Can New Seabury Country Club Be Closed And Still Have Events?
By: Geoff Spillane
A decades-long practice by the Town of Mashpee to allow the New Seabury Country Club to close for the winter months for cleaning and renovation, while functions and events continue to be held at the establishment, has not been conducted in compliance with Massachusetts Alcoholic Beverages Control Commission regulations.
Town Manager Joyce M. Mason said the town will change its practice to comply with the regulations.
The Mashpee Board of Selectmen serves as the authority for issuing and governing liquor licenses in town. At its December 3, 2012, meeting, the board unanimously approved a request to close the club from January 2 through March 15 for “painting, cleaning, steam cleaning the kitchen hoods and having the carpets replaced.” The request came from Stephen T. Brennan, general manager and chief operating officer of New Seabury Properties LLC. The club makes a similar request to close each year.
However, last week a fundraising dinner event featuring new Red Sox manager John Farrell was held at the club, while earlier this week a Mashpee Women’s Club luncheon and a Mashpee Congregational Church dinner were also held there. A bridal show is scheduled to be held at the venue on February 10.
A section of Massachusetts General Law Chapter 138, which governs the sale of alcoholic beverages in the commonwealth, states that “whenever the local licensing authorities deny an application for a new license, refuse to issue a license or modify, suspend, revoke or cancel a license, deny an application for transfer of location or between persons or change of a description of the licensed premises, or levy a fine, the licensing authorities shall mail a notice of such action to the applicant or licensee, stating the reasons for such action and shall at the same time mail a copy of such notice to the commission.”
A spokesperson for the ABCC, who requested anonymity citing the potential involvement by the agency in an appeals process, said earlier this week that the agency has never been notified of any modification of the New Seabury license. In addition, the spokesperson said that even if a closing had been approved by the selectmen, the club would have to appear before the board to receive approval to reopen for each scheduled event, which in turn, would also need to be reported to the ABCC.
Ms. Mason said that the town was not aware of the ABCC regulations but would immediately begin to comply with the directive.
“We will notify them from this moment forward with any move or action we take with liquor licenses,” Ms. Mason said, adding that she will be asking Mr. Brennan to submit an amended closing request, as well as a list of functions scheduled at the club before it is scheduled to reopen in March.
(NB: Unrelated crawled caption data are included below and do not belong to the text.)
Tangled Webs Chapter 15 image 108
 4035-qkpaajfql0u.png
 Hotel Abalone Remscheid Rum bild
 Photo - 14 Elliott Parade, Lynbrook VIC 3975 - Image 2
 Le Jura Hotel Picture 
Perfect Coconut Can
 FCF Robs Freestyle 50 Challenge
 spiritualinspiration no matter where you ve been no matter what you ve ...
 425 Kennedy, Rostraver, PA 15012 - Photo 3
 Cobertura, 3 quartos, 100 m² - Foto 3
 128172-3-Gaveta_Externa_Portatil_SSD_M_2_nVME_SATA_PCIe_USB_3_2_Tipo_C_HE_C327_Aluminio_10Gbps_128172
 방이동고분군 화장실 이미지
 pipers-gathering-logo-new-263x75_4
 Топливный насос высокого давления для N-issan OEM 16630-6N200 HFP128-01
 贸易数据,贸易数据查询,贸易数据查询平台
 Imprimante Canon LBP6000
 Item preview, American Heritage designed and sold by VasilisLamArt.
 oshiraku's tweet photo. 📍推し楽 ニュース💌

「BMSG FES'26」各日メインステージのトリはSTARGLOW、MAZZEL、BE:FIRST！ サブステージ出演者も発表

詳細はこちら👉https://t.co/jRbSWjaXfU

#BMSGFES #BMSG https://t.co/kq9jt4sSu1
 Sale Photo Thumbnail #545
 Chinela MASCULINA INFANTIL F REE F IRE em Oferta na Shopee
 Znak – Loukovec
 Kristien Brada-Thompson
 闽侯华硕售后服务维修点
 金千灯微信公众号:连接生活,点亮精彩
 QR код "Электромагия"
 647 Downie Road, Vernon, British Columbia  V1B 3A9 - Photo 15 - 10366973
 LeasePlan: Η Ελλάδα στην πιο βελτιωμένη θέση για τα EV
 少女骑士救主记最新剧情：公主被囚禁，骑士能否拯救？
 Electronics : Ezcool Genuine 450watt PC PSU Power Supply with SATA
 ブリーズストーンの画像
While the board of selectmen serves as the town’s licensing authority, Ms. Mason is assuming responsibility for the oversight. “I will take full responsibility. It is my job. We considered these actions to be local policies. We weren’t aware of the regulations, but now we are and will be happy to comply,” she said.
According to the ABCC spokesperson, it is unlikely that the commission will take action against the town or the licensee if both parties remedy the issue and adhere to rules and regulations from this point forward.
Mr. Brennan did not return a call for comment.